Forecast for Microsoft

This coming week marks the big day (October 22) for Microsoft when Windows 7 becomes available to the general public. Technology professionals have already had the new Windows for quite a while but this will be the first time that you can walk into a store and see a PC with Windows 7. Naturally the Microsoft publicity machine is hard at work and there will be the usual hoopla. Also, many in the PC world are hoping that Windows 7 will spur the sale of PCs and add to everybody’s bottom line.

However, the PC is not the only kind of computer or technical hardware that is important these days and some are saying that Microsoft may have missed out on the trends in consumer electronics. And then there is the cloud. Using the cloud requires only a browser, and the operating system is secondary. In fact, Google wants to make the browser the operating system.

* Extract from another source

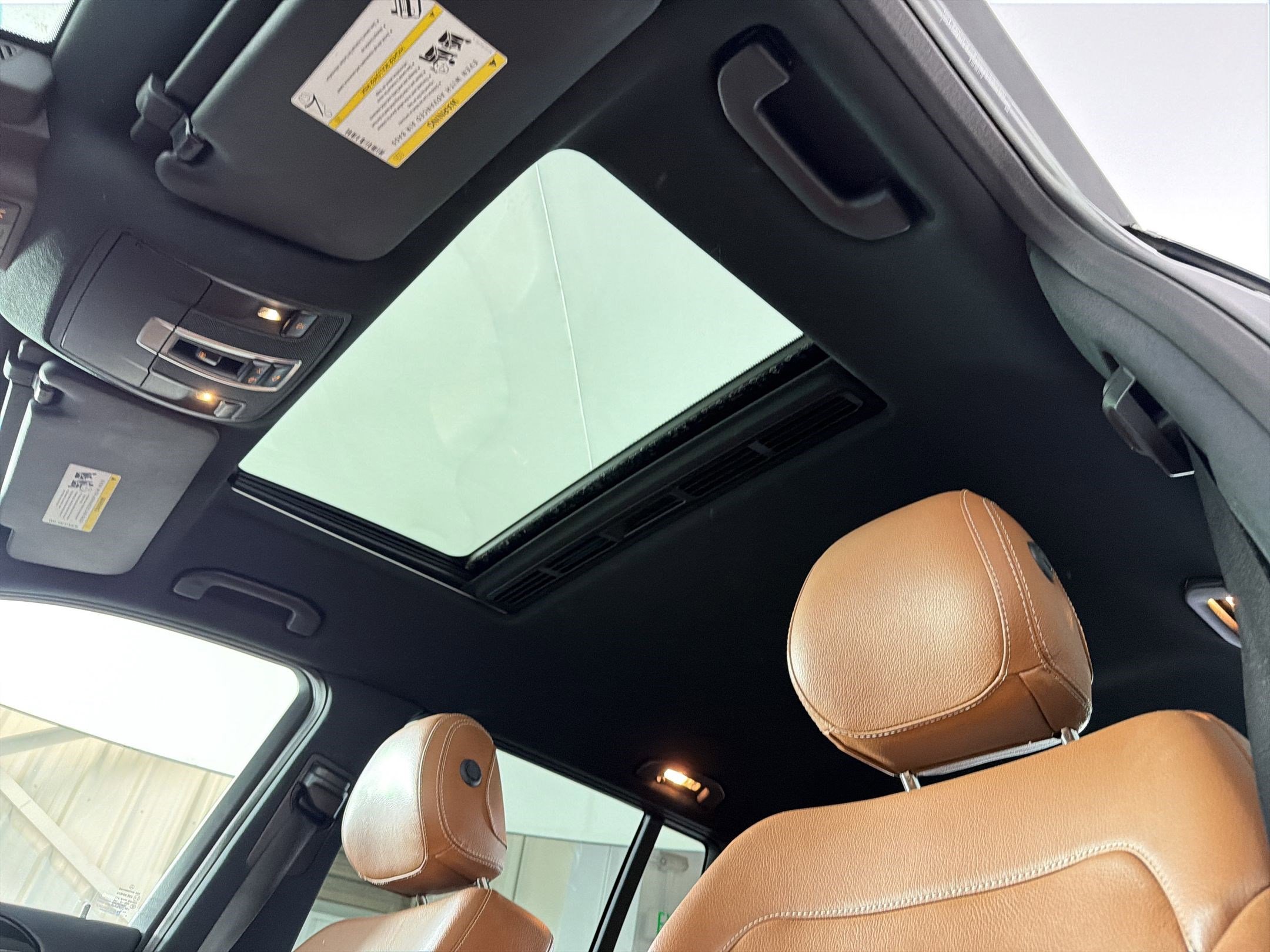 Certified 2017 Mercedes-Benz GLS 450 4MATIC image 16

Looking at the various factors and what they mean for Microsoft is the subject of an article in the New York Times business section by Ashlee Vance. It’s a substantial piece and among other things says:

These days, however, Microsoft has legions of doubters. While it still commands a prominent and profitable position in computing, brand experts say consumers stumble when trying to define what the company stands for and whether it can create a grander technological future.

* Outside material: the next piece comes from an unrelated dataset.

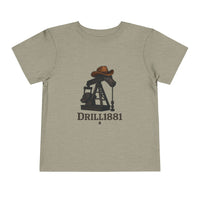 Tough Jack - Youth Comfort Tee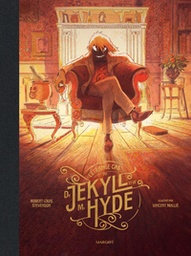 L'étrange cas du Dr. Jekyll et de Mr. Hyde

“Microsoft sort of disappeared from the scene,” says Regis McKenna, a Silicon Valley marketing and strategy expert. “Every once in a while, they have a delayed Windows release or something like that. By and large, I think the marketplace is focused on what Google and Apple are up to.”

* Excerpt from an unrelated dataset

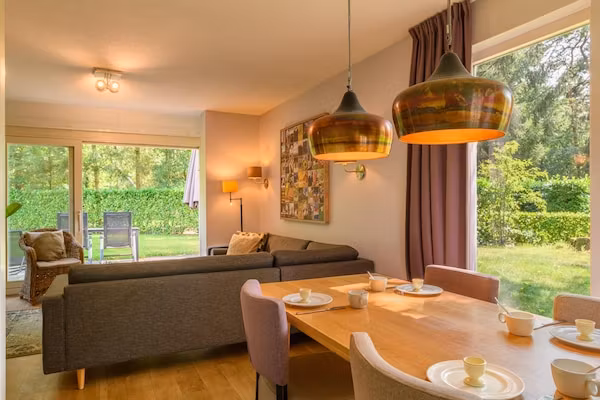 Parc Duc de Brabant 14 in Diessen-Baarschot - Foto 2 van 9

Critics of Microsoft say it has hugely underestimated market changes and plotted a long and winding course toward irrelevance. It remains too fixated on its old-line, desktop-based franchises, they say — too slow, too predictable and too, well, Microsoft.

“They are trapped in their own psychosis that the world has to revolve around Windows on the PC,” says Marc Benioff, the C.E.O. of Salesforce.com, which competes against Microsoft in the business software market. “Until they stop doing that, they will drag their company into the gutter.”

Of course, others and Microsoft think Microsoft is still the dominant force:

Mr. Ballmer, Mr. Ozzie and others at Microsoft see things rather differently, and for the last year have argued that coming software releases for PCs, data centers, mobile devices and game consoles will confirm exactly how Microsoft will remain a pivotal force on the tech landscape.

Mr. Ballmer contends that Microsoft is the only company prepared and positioned to merge computing from both ends — the desktop and the cloud. “We’re just investing more broadly than everybody else,” he says, adding that, when it comes to software, “I want us to invent everything that’s important on the planet.”